Note that a generator could now be also used with map, reduce, and filter as functions
as well as sequence sources. E.g., IWT you could write compile as a string filter.

For backwards compatibility. mygen.iter() would have to set a flag or whatever so
that the first g() call would not call mygen and get a generator, but would just
bind the mygen args and "resume" like .next() from the very start instead.

Calls to g.next() could be intermixed and would just bypass the rebinding of the
mygen arg names.

Another possibility you might get from using mygen.iter() rather than a strange (ISTM)
initial function call to create a generator is that you wouldn't be dependent
on yield-detecting lookahead creating a function with builtin weirdness.

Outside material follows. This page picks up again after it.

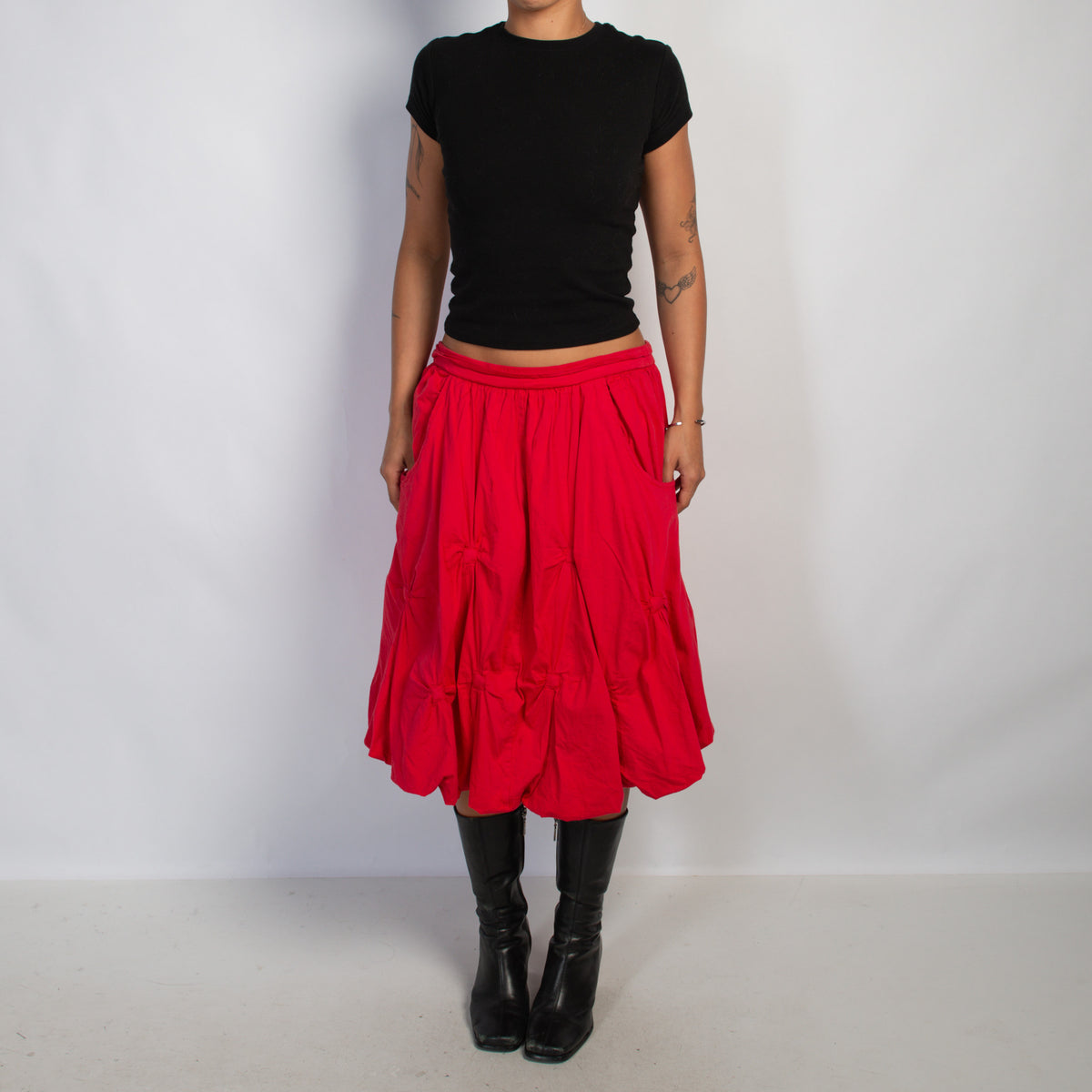 RED MIDI SKIRT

I.e., maybe .iter() could be generalized as a factory method of the function class/type,
which might mean that you could set up to capture the frame of an ordinary function
and allow yields from nested calls -- which would open more multitasking possibilities
using generators.

I.e., yield would look down the stack until it found the first call of a __call__ of
a generator, and apparently return from that, while the generator kept the whole
stack state from the yield down to itself for continuing when called again.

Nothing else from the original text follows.